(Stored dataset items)
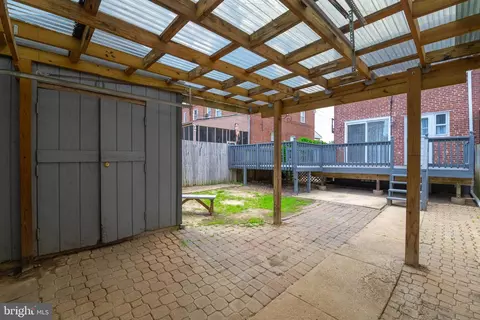 Exterior - 7813 E Baltimore St, Baltimore, MD 21224 photo 5 of 16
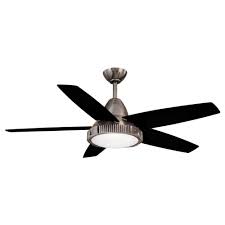 Hampton Bay Thorton 52 In Indoor Gunmetal Ceiling Fan With Light Kit And Remote Control Yg182 Gm With Images Ceiling Fan With Light Ceiling Fan Gray Ceiling Fan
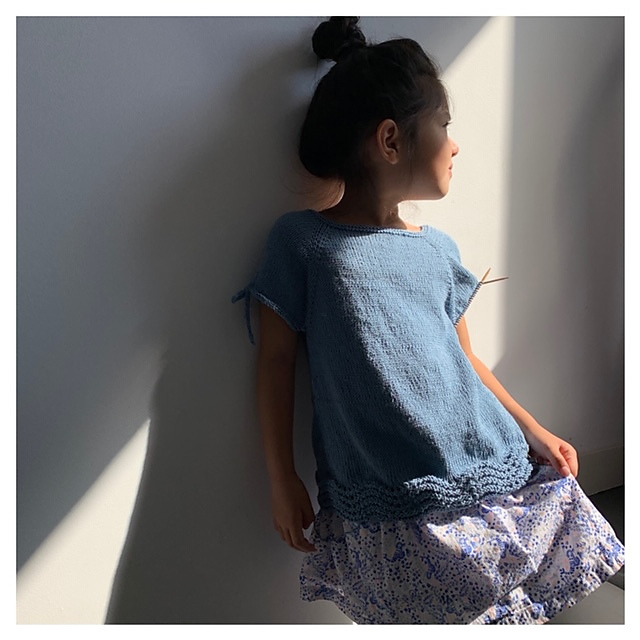 Amelia Blouse
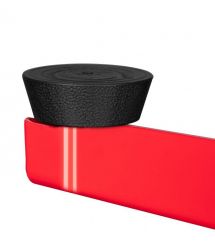 2E Gaming Стол компьютерный OTOROSHI, 120х60x75см, чёрно-красный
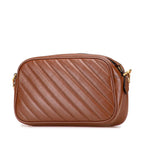 Gucci Small GG Marmont Matelasse Leather Crossbody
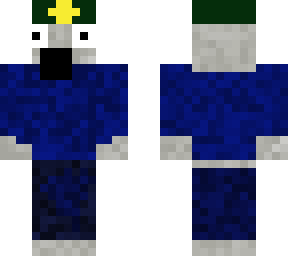 sergeant fishy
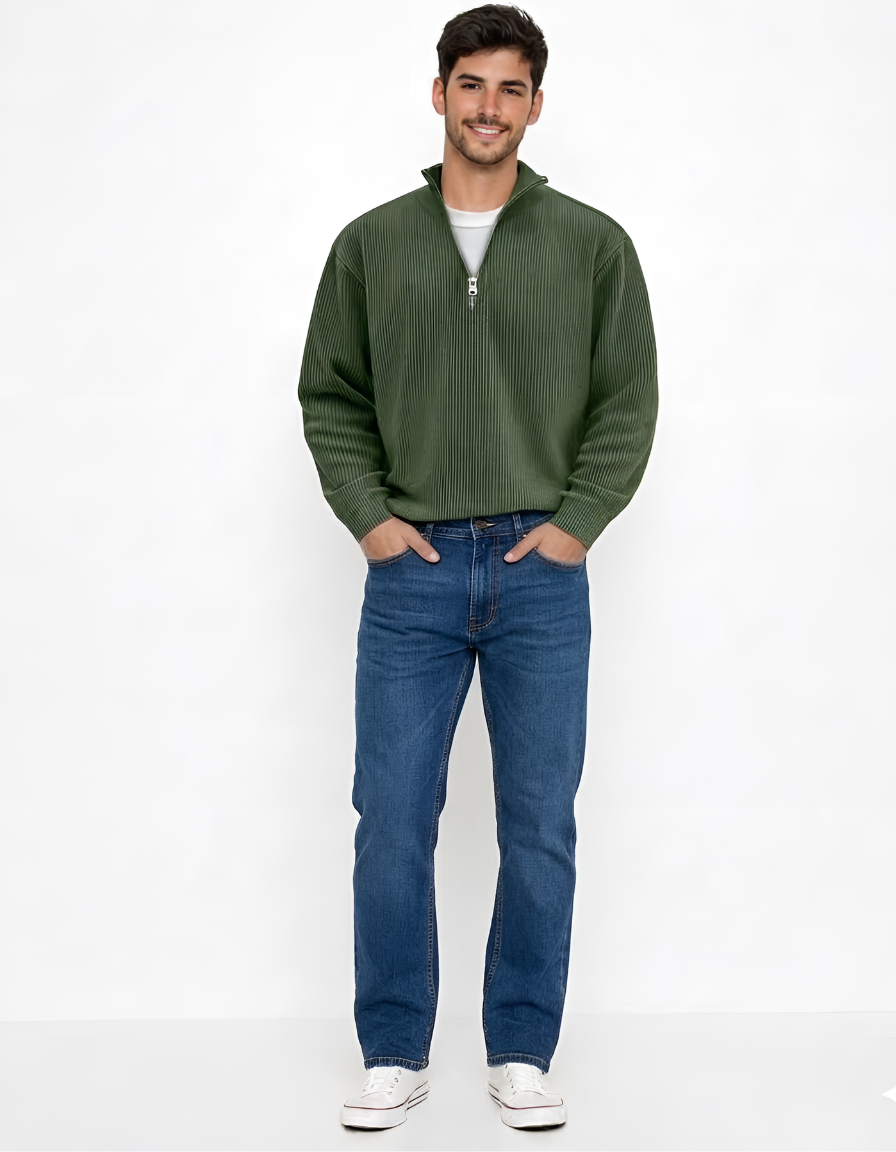HUGO | SUÉTER MODERNO Y ELEGANTE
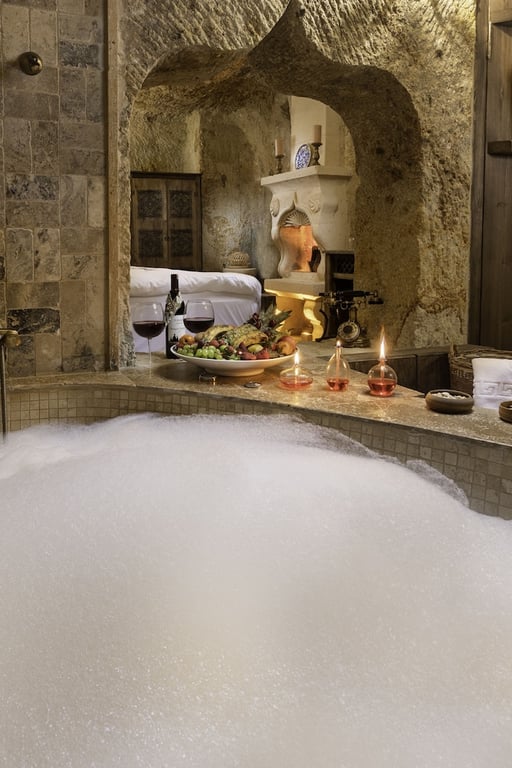 Kayata Cave Suites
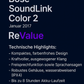 Bose SoundLink Color II Rot | Bluetooth Lautsprecher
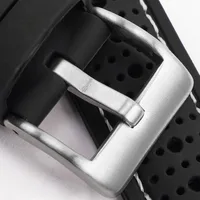 Bracelet de sport en silicone étanche et durable pour hommes, compatible avec les montres Samsung Huawei Watch GT2 46mm et Amazfit GTR 20mm 22mm 24mm 6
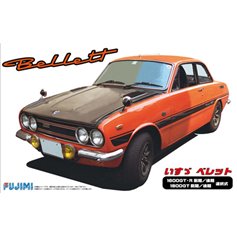 Fujimi 1:24 Isuzu Bellett 1600GT-R 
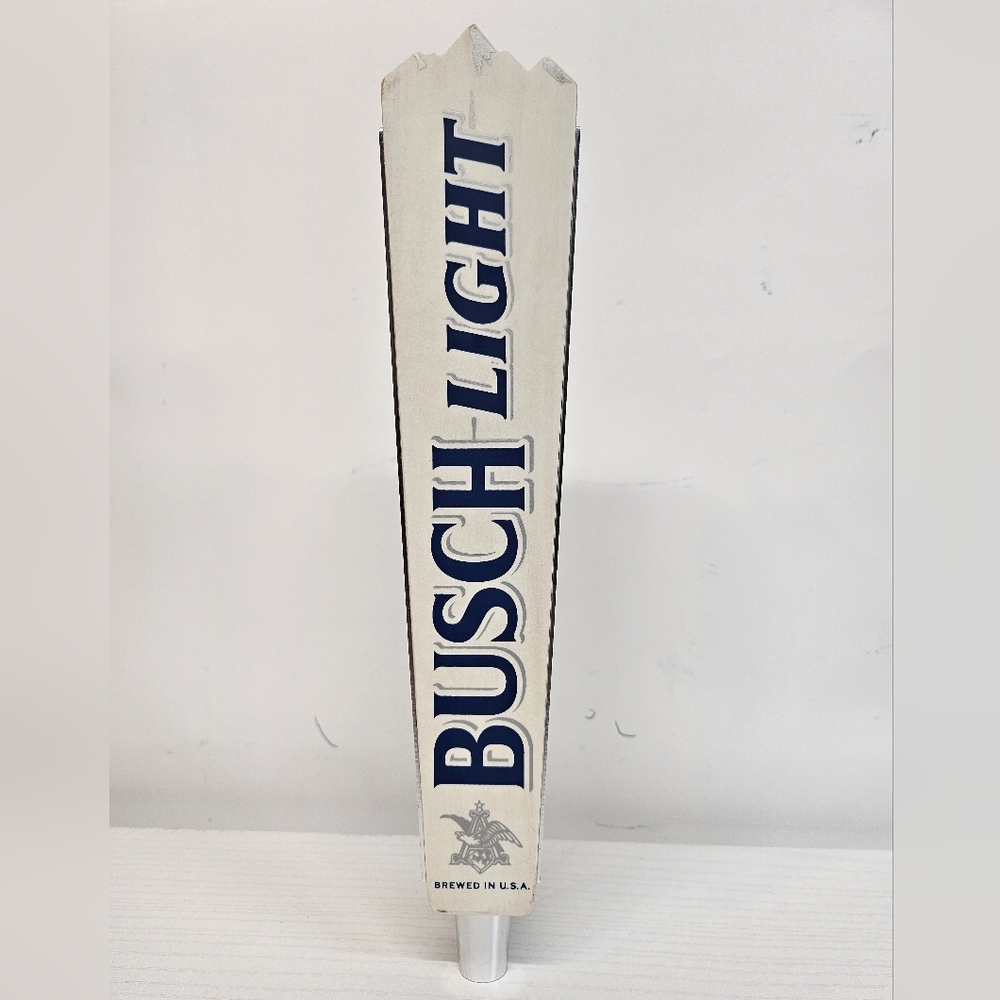 Busch Light Draft Beer Tap Handle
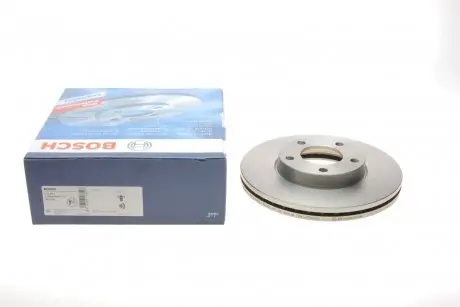 Диск тормозной (передний) Mazda 3 03-14/Mazda 5 05- (278x25) (с покр.) (вент) BOSCH 0986479R83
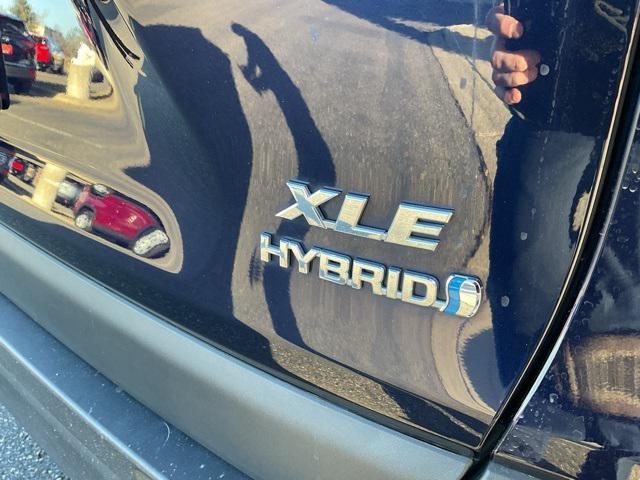 used 2020 Toyota RAV4 Hybrid car, priced at $28,998
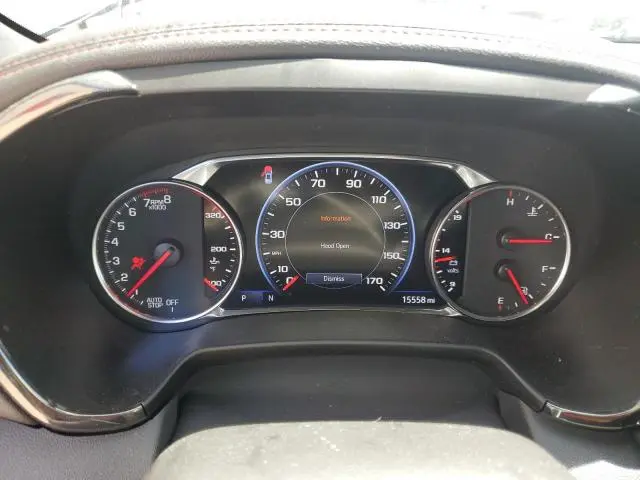 2023 CHEVROLET BLAZER RS  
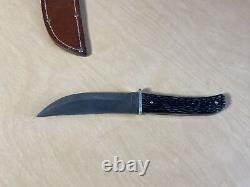 Vintage KABAR Knife With Original Sheath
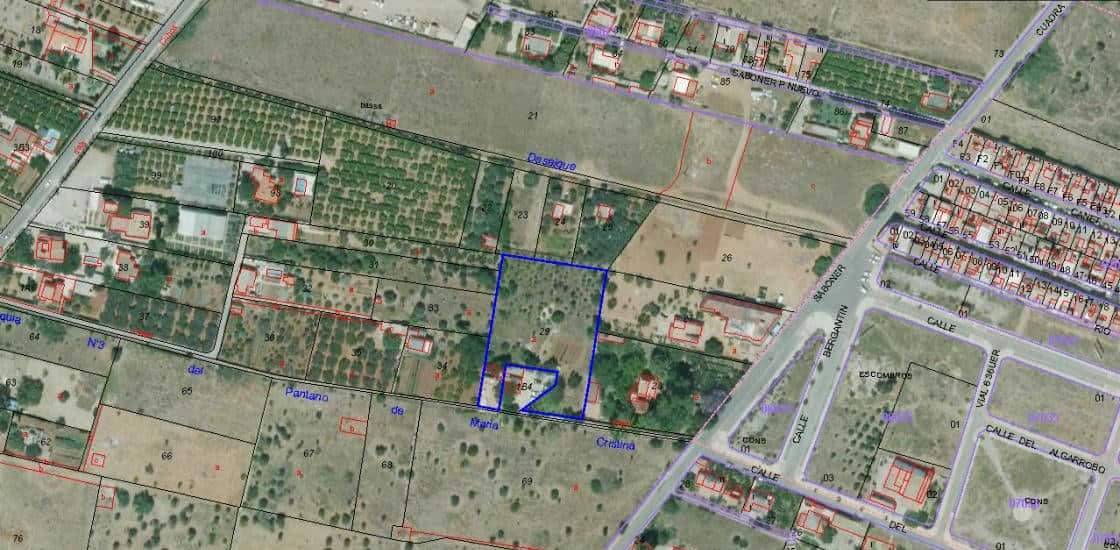 No Urbanizable Rstico en venta  en Partida Marrada Castelln De La Plana Castelln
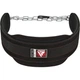 Обважнювач RDX Пояс з ланцюгом T7 Pro Dipping Belt 2 Layer неопреновий Black (WDB-T7B) - зображення 1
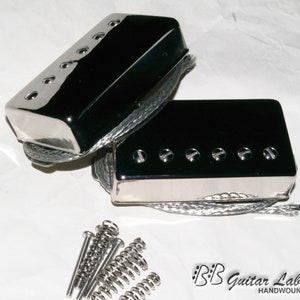Humbucker VinTone A5 Pickups PAF Style for Gibson PRS Epiphone Custom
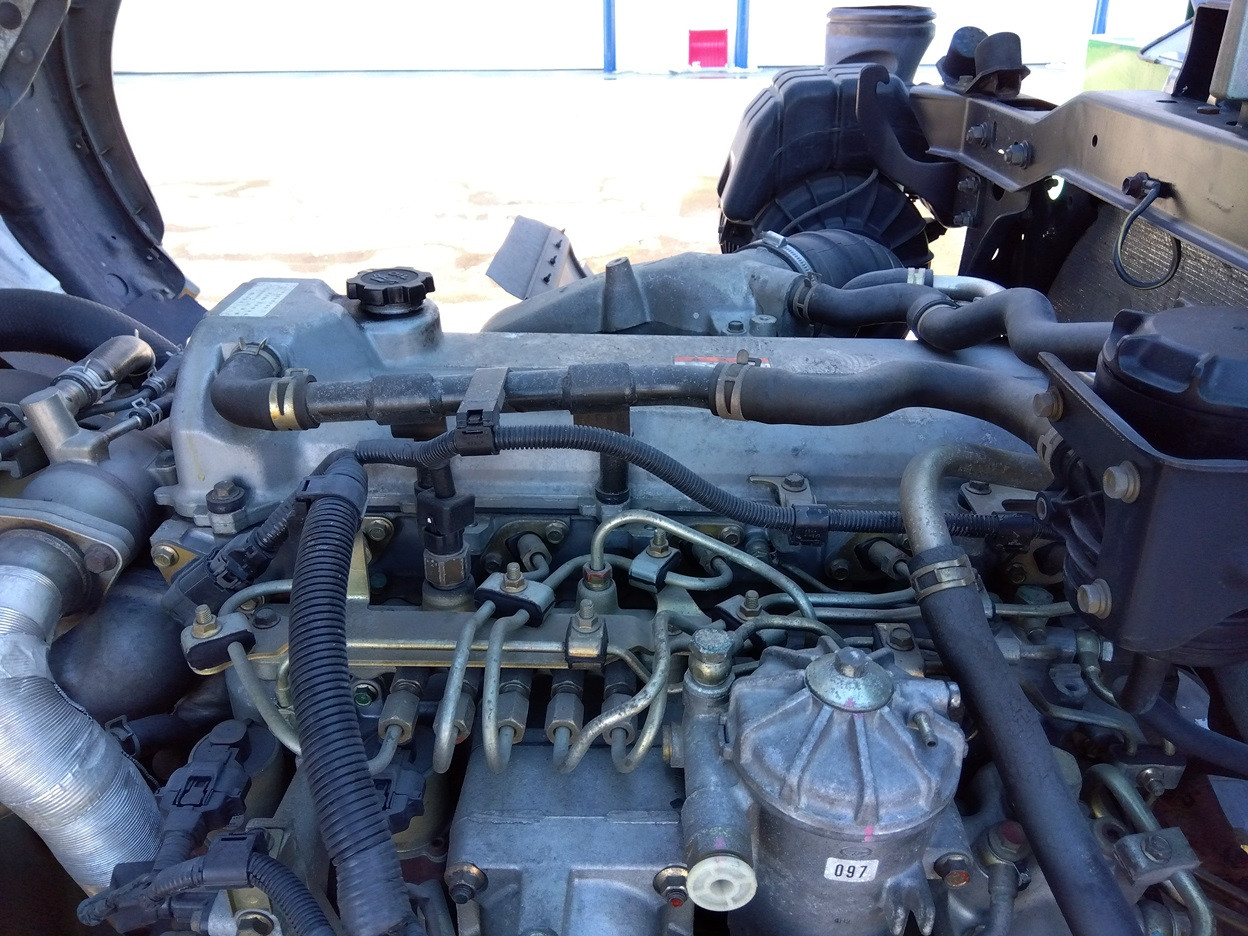 日野 レンジャー PB-FD7JEFA(2WD)の写真20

__Aim of the task__.
From the records above, copy only the lines running from the line holding "Bracelet de sport" through the line holding "Диск тормозной (передний)", with no pictures.

__Task solution__.
 Bracelet de sport en silicone étanche et durable pour hommes, compatible avec les montres Samsung Huawei Watch GT2 46mm et Amazfit GTR 20mm 22mm 24mm 6
 Fujimi 1:24 Isuzu Bellett 1600GT-R 
 Busch Light Draft Beer Tap Handle
 Диск тормозной (передний) Mazda 3 03-14/Mazda 5 05- (278x25) (с покр.) (вент) BOSCH 0986479R83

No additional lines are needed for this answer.